Il a été notamment reproché au patron d'Apple sa politique d'annonces. Fréquemment un produit est annoncé puis arrive dans le commerce avec un retard plus ou moins important sur la date prévue. Steve Jobs a expliqué que choisir le moment pour présenter un produit était une science extrêmement ardue et qu'il est intéressant parfois de dévoiler une nouveauté un peu à l'avance pour s'assurer une couverture médiatique appréciable. Quand Cupertino donne une date de sortie, elle croit véritablement pouvoir fournir ses fournisseurs en temps et en heure, mais on n'est jamais à l'abri de problèmes de production surtout lorsque l'on innove en permanence, a-t-il déclaré.

Autre grand point abordé au cours de cette discussion, le déclin de la part de marché du Macintosh face au PC. Là encore, les dirigeants de Cupertino ont répondu que ce n'était pas une fin en soi. Apple a trois objectifs primordiaux selon Steve Jobs. Le premier est de satisfaire les vingt-cinq millions de clients fidèles à Cupertino depuis des années. Le second est d'élargir le plus possible cette clientèle. Ensuite Apple tente de croître plus vite que ses concurrents. Tim Cook a d'ailleurs tenu à expliquer qu'au lieu d'attacher de l'importance à la part de marché global d'Apple, il fallait mieux regarder cette évolution secteur par secteur.
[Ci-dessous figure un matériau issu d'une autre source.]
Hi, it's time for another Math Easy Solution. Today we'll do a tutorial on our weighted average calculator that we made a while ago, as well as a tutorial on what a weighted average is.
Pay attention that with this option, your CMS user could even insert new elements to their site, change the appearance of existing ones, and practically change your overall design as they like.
Ainsi dans l'éducation, domaine qui est cher à la firme de Cupertino, le Macintosh a repris un peu de terrain cette année. Pour expliquer la faible croissance ces derniers trimestres des ordinateurs estampillés d'une pomme par rapport à ses concurrents, les responsables d'Apple évoquent deux raisons. La première est que le Mac n'est pas présent sur le marché bas de gamme qui n'est rentable pour personne à l'exception de Dell selon eux. D'autre part, le Macintosh n'est pas ou peu présent dans les grandes entreprises qui sont actuellement l'un des moteurs de la croissance de l'industrie du PC. Une nouvelle fois, Steve Jobs a comparé Apple à BMW rappelant que les clients de ce dernier se souciaient peu de sa part de marché. Au lieu d'entrer dans une guerre des prix sans merci, la Pomme a préféré investir dans iPod qui est à tous les niveaux un véritable relais de croissance. Leader de ce marché en pleine émergence, Cupertino estime que l'accord proposé par Real Networks n'est pas intéréssant. "Leur boutique en ligne est loin d'être un succès" a déclaré Steve Jobs.
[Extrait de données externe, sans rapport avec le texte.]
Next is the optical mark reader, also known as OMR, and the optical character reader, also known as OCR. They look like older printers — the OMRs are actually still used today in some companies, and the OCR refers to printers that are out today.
Toujours lors de cette réunion, les dirigeants ont tenu à réaffirmer leur attachement aux revendeurs. La direction d'Apple a rappelé qu'ils représentaient 58 % du chiffre d'affaires du groupe et qu'ils n'étaient donc pas à négliger. Ces propos n'ont sans doute pas rassuré les quelques patrons d'échoppes qui ont fait le déplacement. D'autant plus que Cupertino a fait part de quelques statistiques assez impressionnantes en ce qui concerne ses boutiques. Dans l'histoire de la distribution, c'est une véritable success-story. Aucune société n'est parvenue à réaliser si rapidement une chaîne de magasins capable de générer en si peu de temps plus d'un milliard de chiffre d'affaires. Steve Jobs a tenu à également indiquer que les ventes à l'international étaient un objectif prioritaire pour Apple. Il a rappelé d'ailleurs que Londres et Osaka auraient bientôt un Apple Store. Enfin, la Pomme a affirmé que la fermeture de l'usine de Sacremento permettra à la firme de Cupertino d'économiser trois millions de dollars par trimestre.

Les actionnaires, qui ont de quoi être satisfaits de la performance du titre AAPL sur ces douze derniers mois, ont au final largement reconduit le conseil d'administration. Ils ont également approuvé que KPMG LLP fasse l'audit des comptes d'Apple pour l'année fiscale 2004. En revanche, la motion visant à limiter les sommes perçues par les membres du conseil d'administration et des dirigeants a été rejetée. Apple est dans ce domaine l'une des sociétés les plus critiquées.